Speaking of a pre-Giuliani New York, what do you miss about it? New York used to be about coming together. It didn’t matter about how much money you had. I think there’s a little more of a commercialism. Obviously we do live in a time that is somewhat dictated by money, but at the end of the day, I think on the flip side of the recession is that it brought people together — it brought creative people together, and a lot more people are willing to collaborate. It’s more about just creating good things, man. It’s not really about the commercial appeal of making money, because there’s not really any money out there. So people just wanna have fun and have a good time, so I think that’s great.

So where do you party nowadays? I miss Beatrice … we want it to come back, but I don’t think it will. Jane’s cool … I’ve been hanging out a lot there. Chloe’s alright. Avenue is a cool little bar.

I’ve seen you prep it up and get all vintage rock star. How would you describe your personal style? Lots of black and jeans. I don’t know … comfortable American I suppose. I just like to be comfortable, so for me that means a nice pair of 511 skinny worn-in black jeans — it doesn’t really depend on my mood. Most of the time I’m wearing the same thing. I have five black jeans and who knows how many black tees.

Where do you shop? I like vintage stores. I like Tokio7, Barneys. I like What Goes Around Comes Around. And I like Jeffrey’s.

What Goes Around Comes Around and Jeffrey’s? That’s like saying you like Jessica Simpson and the Rolling Stones (which is totes cool in my book, by the way). (Laughing) No, Jeffrey’s is where I get my candles and all that Diptyque shit. Not clothing, but sometimes shoes.

Describe your perfect date. A bottle of red, St. Marks, some sushi. Maybe a film at the Angelika.

Favorite restaurant? Westville’s pretty cool. But I like to go to Cipriani’s. (laughing) Just joking. But I do like Da Silvano. I love it there … actually, I like Bar Pitti better — it’s lighter.

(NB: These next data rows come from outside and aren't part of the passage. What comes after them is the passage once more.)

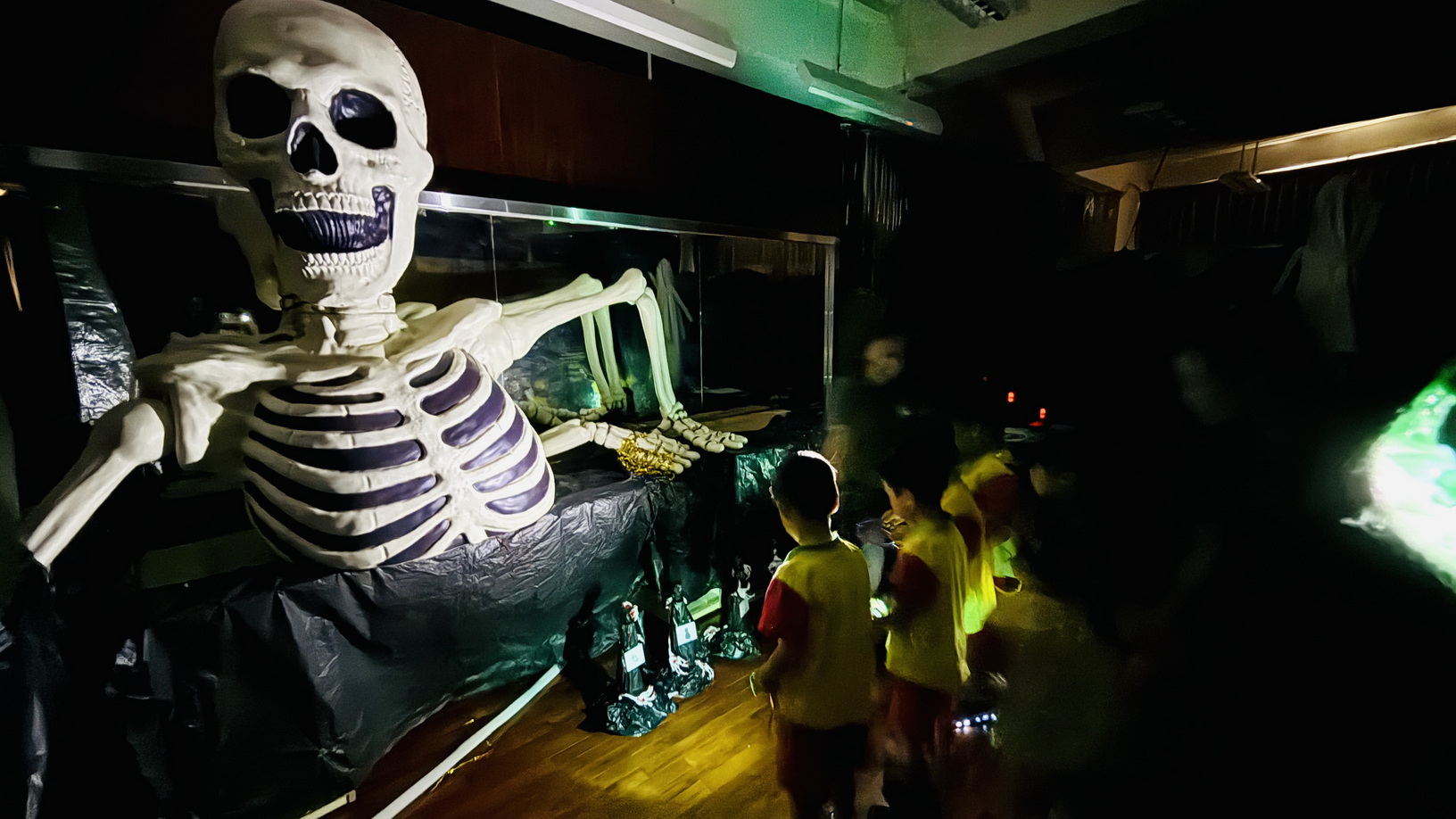 (有影片)/南瓜、幽靈齊登場!新民國小「皮皮怪怪屋」嗨翻校園 - https://www.watchmedia01.com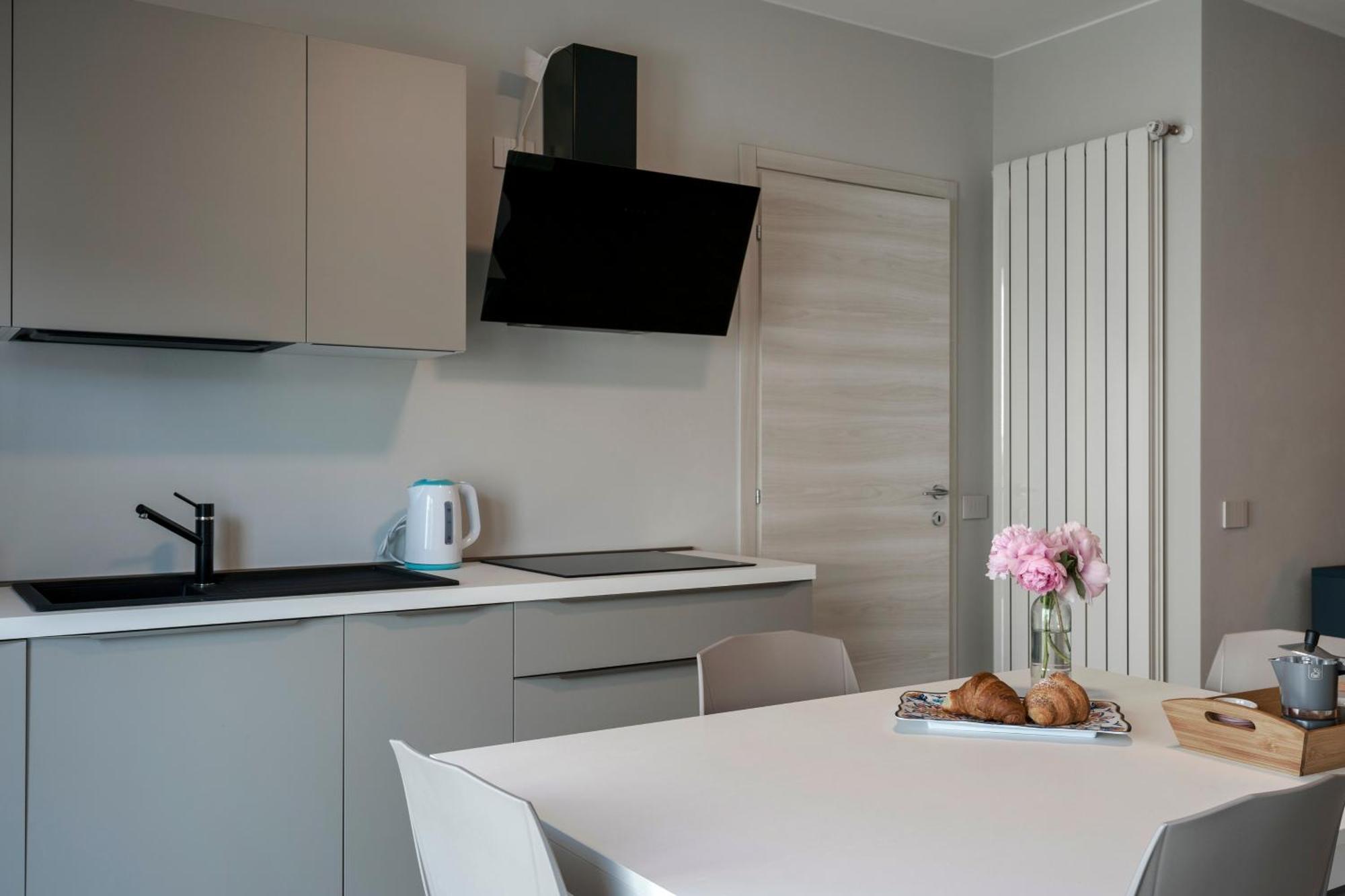 Malvezzi Apartments Desenzano del Garda Bagian luar foto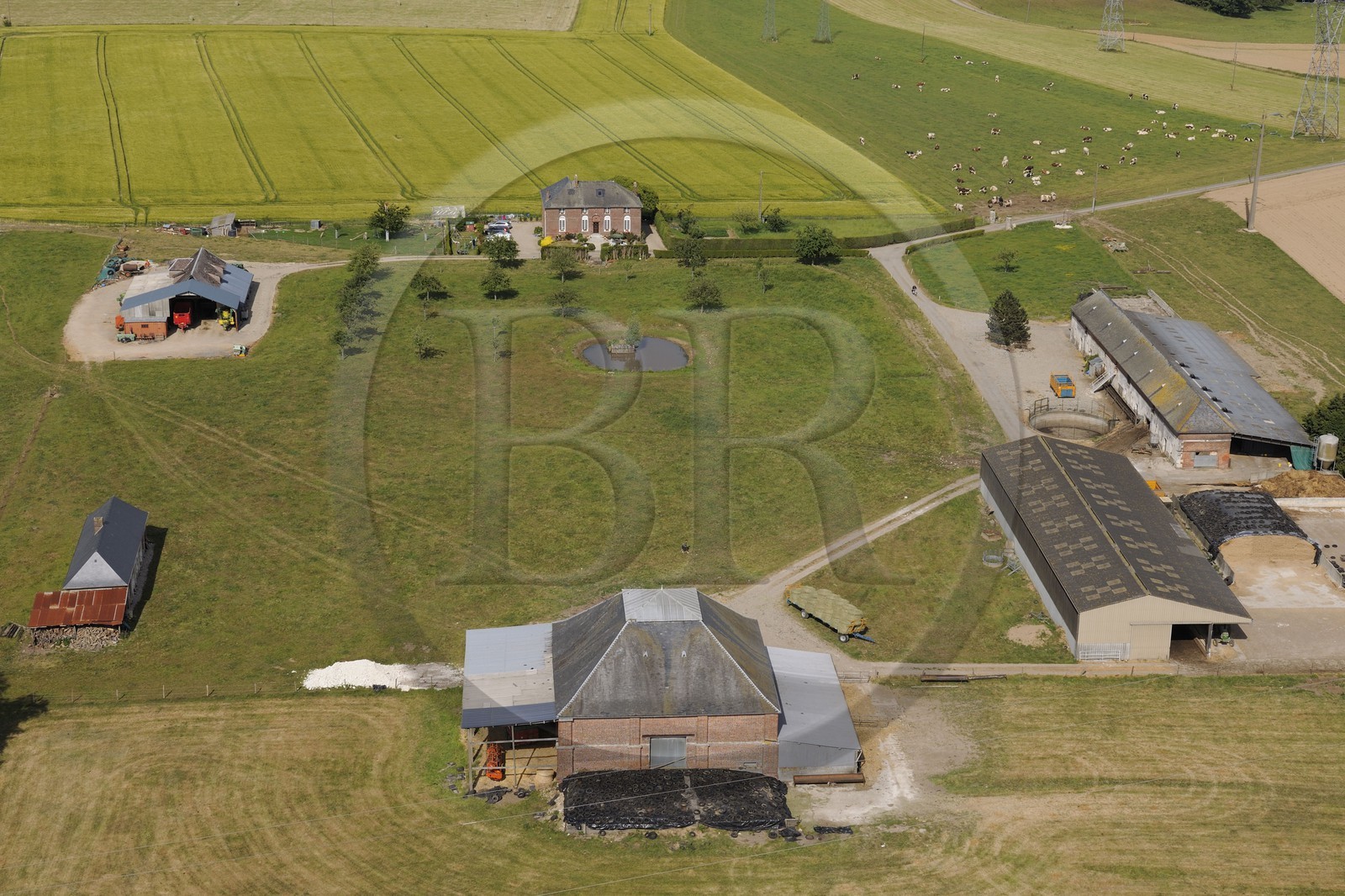 France, Seine-Maritime (76), Saint-Wandrille-Rançon, ferme (vue aérienne)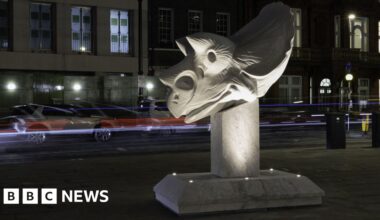 Life-sized marble Triceratops skull unveiled in Mayfair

I’ve seen the Polaroids scattered all over your studio, and I know you enjoy shooting your interesting friends. What inspires your photography? Life and death. My favorite photographers are Annie Leibovitz, Bill Brandt and Irving Penn.

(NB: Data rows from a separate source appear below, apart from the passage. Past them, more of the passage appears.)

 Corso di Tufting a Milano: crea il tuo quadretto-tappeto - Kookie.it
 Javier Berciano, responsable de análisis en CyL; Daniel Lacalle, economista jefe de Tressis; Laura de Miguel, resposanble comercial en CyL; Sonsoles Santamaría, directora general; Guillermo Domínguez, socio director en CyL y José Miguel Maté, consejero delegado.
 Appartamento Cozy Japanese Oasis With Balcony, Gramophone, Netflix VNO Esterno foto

MDLR is a far cry from your father’s sophisticated feminine gowns. What does it take to be considered a rebel? I don’t really consider myself to be a rebel. But Stephen Hawking’s a rebel. Anyone who’s willing to challenge the current state of being is a rebel to me … anyone who stands up for change, stands up for others, for what’s right is a rebel.

So you’re a rebel in the making. Is there a fine line between making bold choices and trying too hard (a.k.a. a poser)? I hope one day I can change certain things about the fashion industry and maybe be a rebel myself. I don’t know, I just try and do my thing … that’s all. And hopefully, by staying true to myself, some changes will be made. And yes, there is always a fine line. If something’s not you, don’t rock it because the clothes pick the person, ya dig? So if you’re rocking an outfit that you don’t feel, you’re probably trying too hard and should throw on some jeans and a button down. Less is more anyway — simple is chic.

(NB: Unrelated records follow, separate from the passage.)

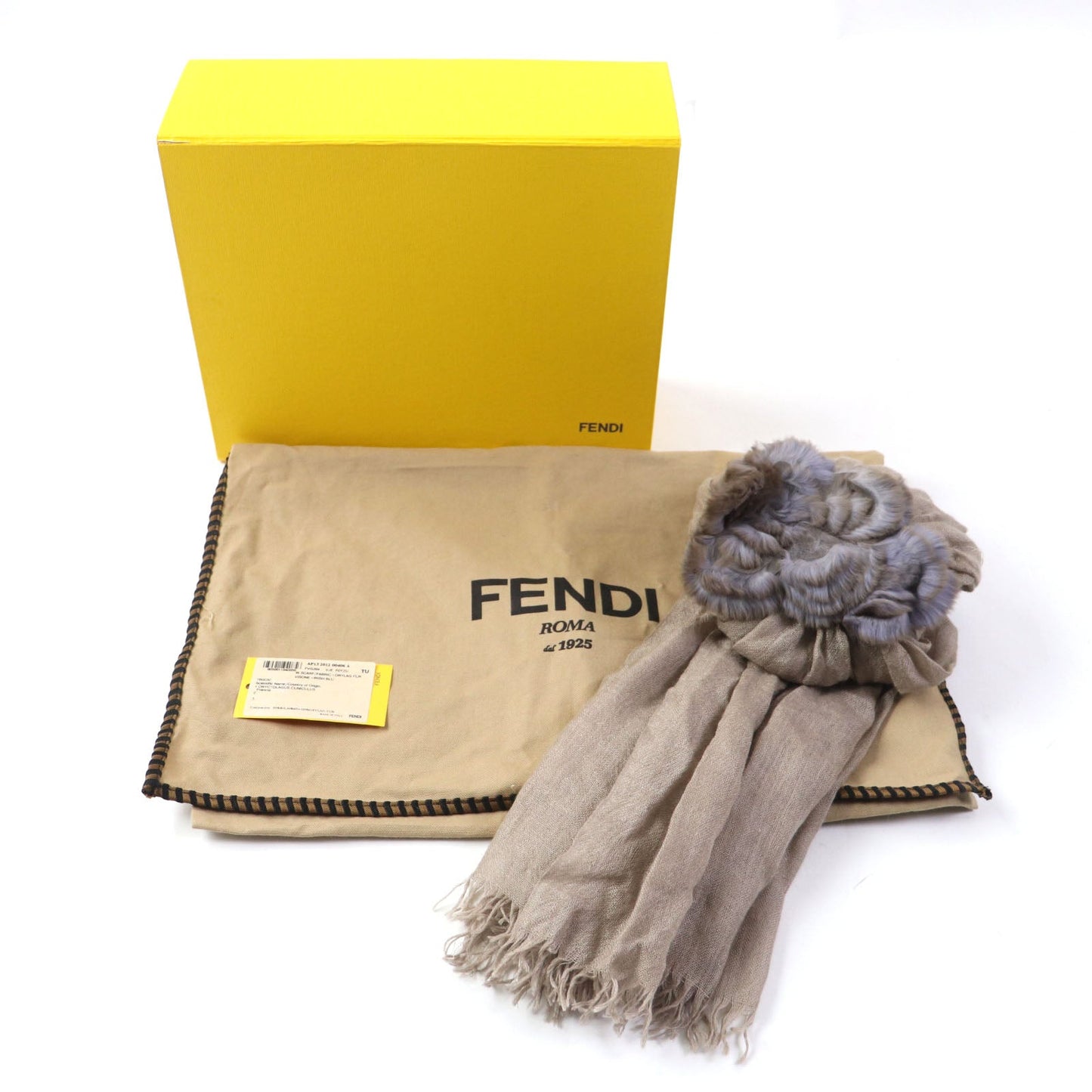 FENDI Stall Main: 70% cashmere, Main: 30% silk, Part: Orirag fur beige Women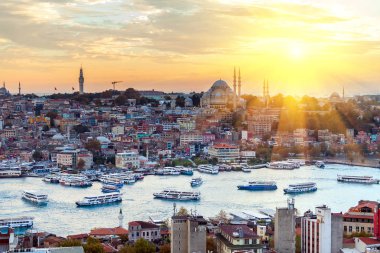 Gün batımında, Türkiye'de Istanbul'da altın boynuz turist tekne yelken.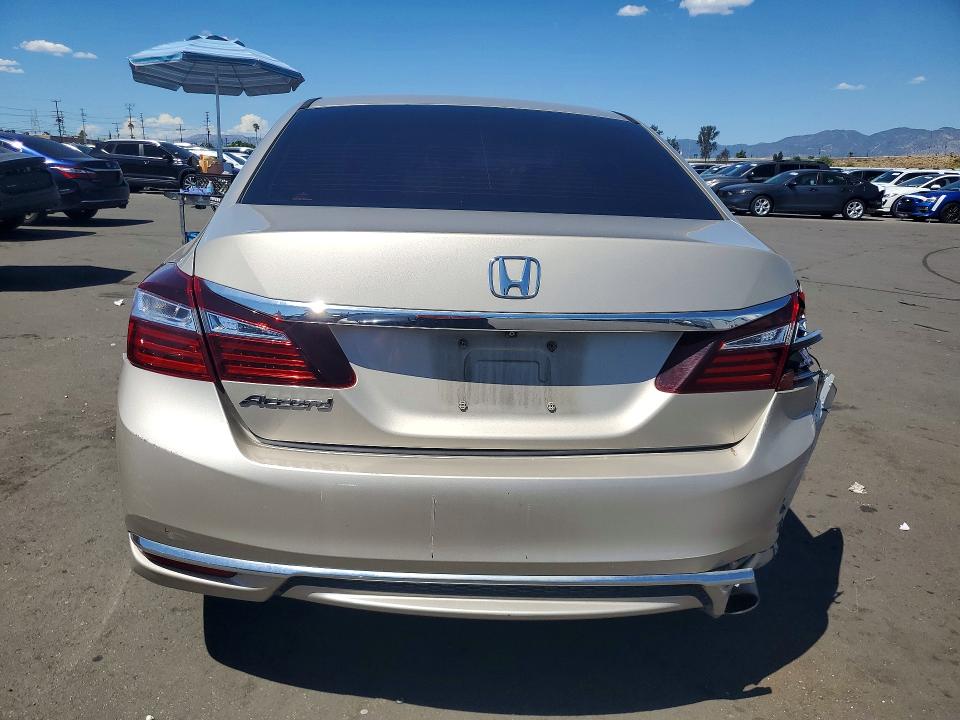 68386966 :رقم المزاد ، 1HGCR2F30HA218396 vin ، 2017 Honda Accord مزاد بيع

It’s your Fashion Week show. What music will you be playing, and who do you want front row center? I’d like Iggy Pop to be playing. They’re both great but Bowie bit a lot from Iggy when he first came to America and was trying to be all “raw” and “rock ‘n’ roll.” Iggy Pop is fucking raw power man, and Zombie Birdhouse is one of the best and most underrated albums ever, but so was Bowie’s Low. But Iggy still tops it in my book. It’d be cool and kind of a diss to be playing Iggy but have Bowie in the front row.